*** Begin section ***

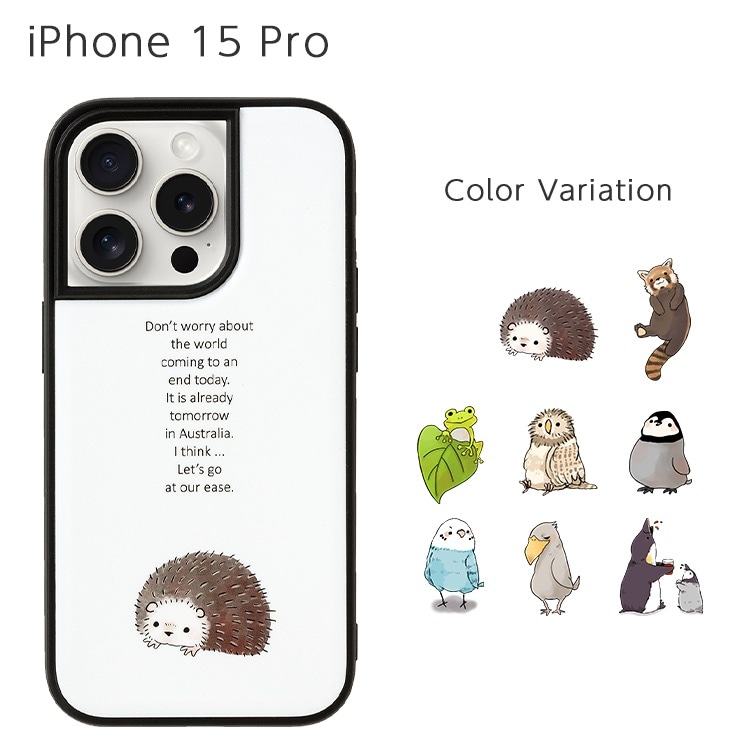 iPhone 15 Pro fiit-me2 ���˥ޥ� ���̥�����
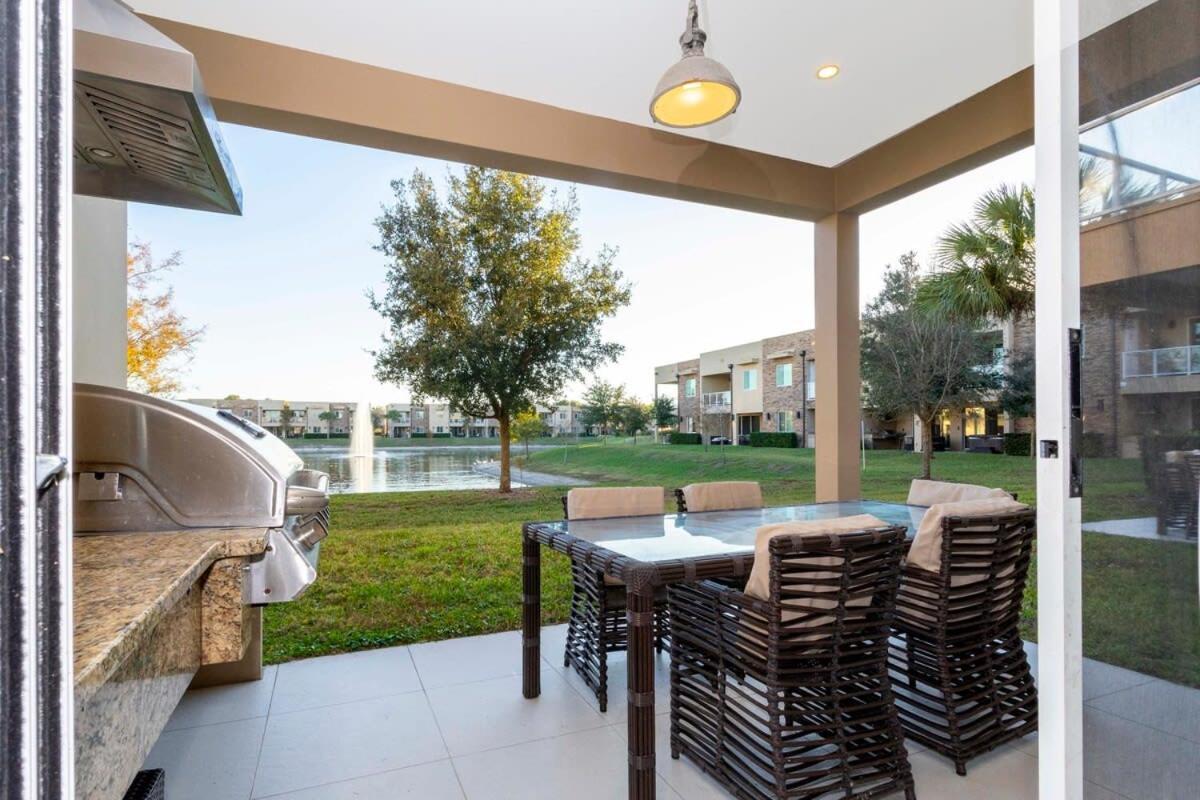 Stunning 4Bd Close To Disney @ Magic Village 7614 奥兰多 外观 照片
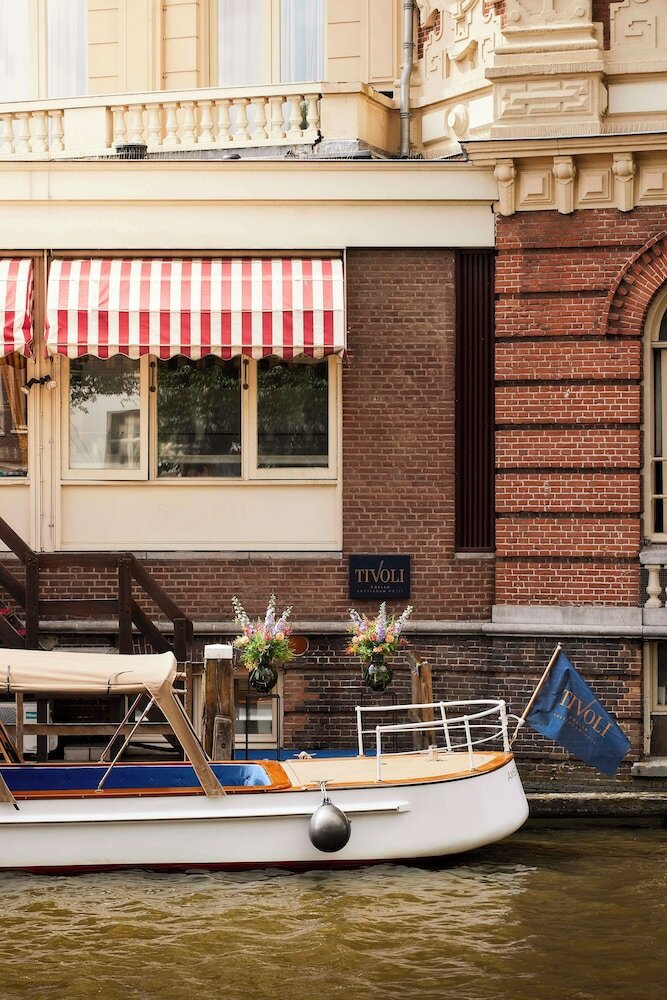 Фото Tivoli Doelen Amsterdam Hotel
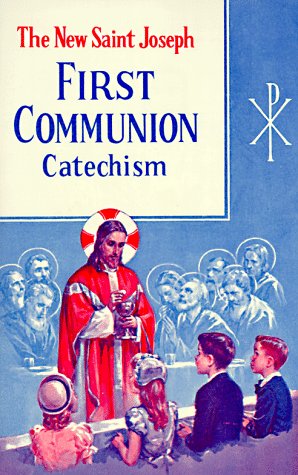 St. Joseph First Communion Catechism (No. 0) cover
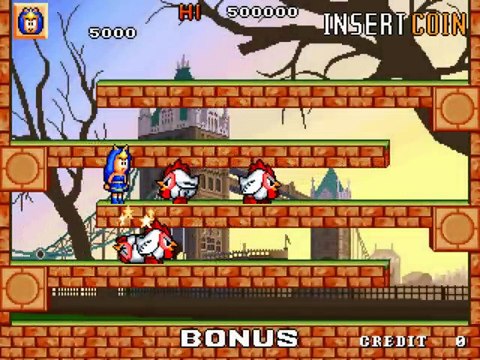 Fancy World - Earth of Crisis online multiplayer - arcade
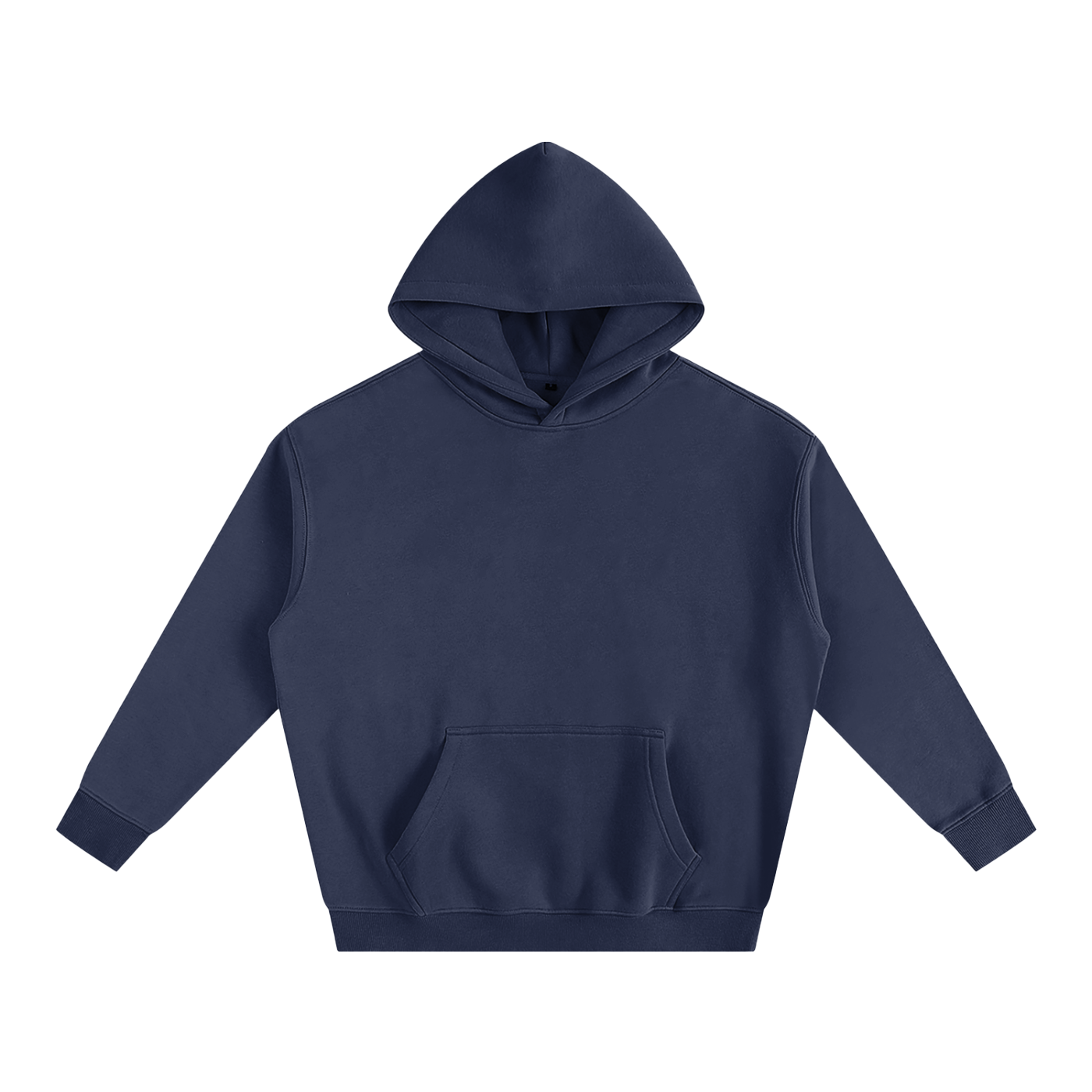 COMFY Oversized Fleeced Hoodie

*** End section ***

§ WHAT YOU ARE ASKED TO DO:
Transcribe exactly the lines from the one with "St. Joseph First" to the last line of the records, both included, so that no picture appears in the copy.

§ EXERCISE RESULT:
 St. Joseph First Communion Catechism (No. 0) cover
 Fancy World - Earth of Crisis online multiplayer - arcade
 COMFY Oversized Fleeced Hoodie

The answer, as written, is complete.